After my first day on the art tour, I arrived back at my house in Stockholm, WI, to find the phone machine beeping at me, telling me there was a message. It was from Peter. I had an offer on a book. A picture book. A story I had been gently working on for a few years, tweaking and honing. About a little girl who isn't sleepy. Her parents are understanding. They know some nights are like that. But they move her toward bed. She wonders if everything has to sleep. They discuss this.

I won't tell you the ending. No spoilers here.

So all day long I sold my mystery books and my scarves and showed people how to hook a rug. Then, that night, I sell a story from my heart.

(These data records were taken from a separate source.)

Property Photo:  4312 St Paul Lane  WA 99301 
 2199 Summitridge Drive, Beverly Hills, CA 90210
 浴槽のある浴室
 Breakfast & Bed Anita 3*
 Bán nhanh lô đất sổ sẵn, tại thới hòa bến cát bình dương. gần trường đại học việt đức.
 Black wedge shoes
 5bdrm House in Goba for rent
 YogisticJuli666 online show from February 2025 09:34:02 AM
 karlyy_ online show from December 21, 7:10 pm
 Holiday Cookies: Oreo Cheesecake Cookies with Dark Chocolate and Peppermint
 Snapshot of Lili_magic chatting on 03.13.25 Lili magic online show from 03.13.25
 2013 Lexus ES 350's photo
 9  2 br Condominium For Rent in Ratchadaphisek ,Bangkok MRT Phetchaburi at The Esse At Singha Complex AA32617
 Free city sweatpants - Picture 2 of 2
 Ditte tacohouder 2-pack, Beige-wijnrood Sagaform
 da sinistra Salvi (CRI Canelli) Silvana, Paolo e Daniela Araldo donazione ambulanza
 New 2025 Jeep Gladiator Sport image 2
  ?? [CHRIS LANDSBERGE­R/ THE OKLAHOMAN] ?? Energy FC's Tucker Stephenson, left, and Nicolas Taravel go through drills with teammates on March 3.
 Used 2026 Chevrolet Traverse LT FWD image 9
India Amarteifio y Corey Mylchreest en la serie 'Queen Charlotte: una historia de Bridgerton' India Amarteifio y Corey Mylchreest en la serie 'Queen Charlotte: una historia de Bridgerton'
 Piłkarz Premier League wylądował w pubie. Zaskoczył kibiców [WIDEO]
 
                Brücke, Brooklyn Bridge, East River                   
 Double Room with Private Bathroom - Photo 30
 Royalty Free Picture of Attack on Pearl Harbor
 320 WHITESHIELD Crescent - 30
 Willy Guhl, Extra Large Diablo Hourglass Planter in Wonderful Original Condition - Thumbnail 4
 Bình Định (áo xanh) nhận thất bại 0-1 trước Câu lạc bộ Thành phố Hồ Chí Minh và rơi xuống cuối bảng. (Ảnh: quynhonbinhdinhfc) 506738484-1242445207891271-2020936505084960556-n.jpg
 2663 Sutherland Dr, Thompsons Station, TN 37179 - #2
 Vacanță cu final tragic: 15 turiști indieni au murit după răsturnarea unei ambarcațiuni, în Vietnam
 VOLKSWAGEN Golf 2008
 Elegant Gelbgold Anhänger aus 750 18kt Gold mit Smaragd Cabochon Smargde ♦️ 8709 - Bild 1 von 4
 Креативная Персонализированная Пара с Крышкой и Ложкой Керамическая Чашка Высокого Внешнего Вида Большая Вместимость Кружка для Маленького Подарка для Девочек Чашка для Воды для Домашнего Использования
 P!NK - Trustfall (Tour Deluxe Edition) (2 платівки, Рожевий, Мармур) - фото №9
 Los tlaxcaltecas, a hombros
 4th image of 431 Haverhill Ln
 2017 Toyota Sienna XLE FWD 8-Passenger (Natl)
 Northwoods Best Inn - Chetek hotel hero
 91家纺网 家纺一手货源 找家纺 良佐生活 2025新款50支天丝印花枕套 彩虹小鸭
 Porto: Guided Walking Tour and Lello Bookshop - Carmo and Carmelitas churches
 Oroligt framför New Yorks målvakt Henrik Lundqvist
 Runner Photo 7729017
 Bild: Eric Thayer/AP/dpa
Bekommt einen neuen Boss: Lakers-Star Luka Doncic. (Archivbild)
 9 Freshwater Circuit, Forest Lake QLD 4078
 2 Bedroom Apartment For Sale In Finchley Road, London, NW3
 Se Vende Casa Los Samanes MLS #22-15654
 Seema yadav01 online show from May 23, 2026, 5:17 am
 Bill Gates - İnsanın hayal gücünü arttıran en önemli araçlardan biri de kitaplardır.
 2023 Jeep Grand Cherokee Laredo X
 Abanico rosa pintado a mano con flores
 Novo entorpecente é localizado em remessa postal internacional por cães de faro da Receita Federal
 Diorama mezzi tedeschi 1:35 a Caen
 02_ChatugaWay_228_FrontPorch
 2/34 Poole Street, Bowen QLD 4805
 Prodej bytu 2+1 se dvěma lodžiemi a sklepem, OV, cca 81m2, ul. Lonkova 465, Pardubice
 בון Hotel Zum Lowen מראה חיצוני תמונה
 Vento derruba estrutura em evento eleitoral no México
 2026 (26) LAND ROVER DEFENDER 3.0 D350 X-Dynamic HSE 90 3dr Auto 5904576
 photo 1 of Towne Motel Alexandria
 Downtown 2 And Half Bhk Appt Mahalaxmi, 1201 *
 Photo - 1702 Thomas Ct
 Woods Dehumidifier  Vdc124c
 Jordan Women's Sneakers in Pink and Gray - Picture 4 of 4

This selling stuff is hard work. It's emotional. It's stressful and energizing. It's a part of our work.

Unlike my little girl I was very tired that night. After a dinner of chili and wine, I talked with my sister Dodie about the day. We both fell into bed tuckered, ready to sleep our fill so that we could be up and at 'em the next day, selling those small pieces of our lives—in picture or story form. As they say, priceless.

Monday, September 27, 2010

Fresh Art Tour Oct. 1-3, 2010

This weekend, starting on Friday, I will be happily working away in a barn.

Barbara McIlrath, a wonderful painter, has invited my sister Dodie, and friends Harriet LeVian, Holly Swift, all three painters, and my lucky self to sell our work in the main part of her barn on the Fresh Art Tour. This tour has been going on for many years and circles around Stockholm, Durand and Pepin, featuring numberous artists who make baskets and bowls, spoons and books.

I will demonstrating rug hooking and selling the natural-dyed scarves I make with my niece Juliet Morris, who will also be there, helping us all.

And then there's the barn. It is a work of art, with hand-hewn beams and enormous sliding doors. Just spending time in this space will feel like a gift.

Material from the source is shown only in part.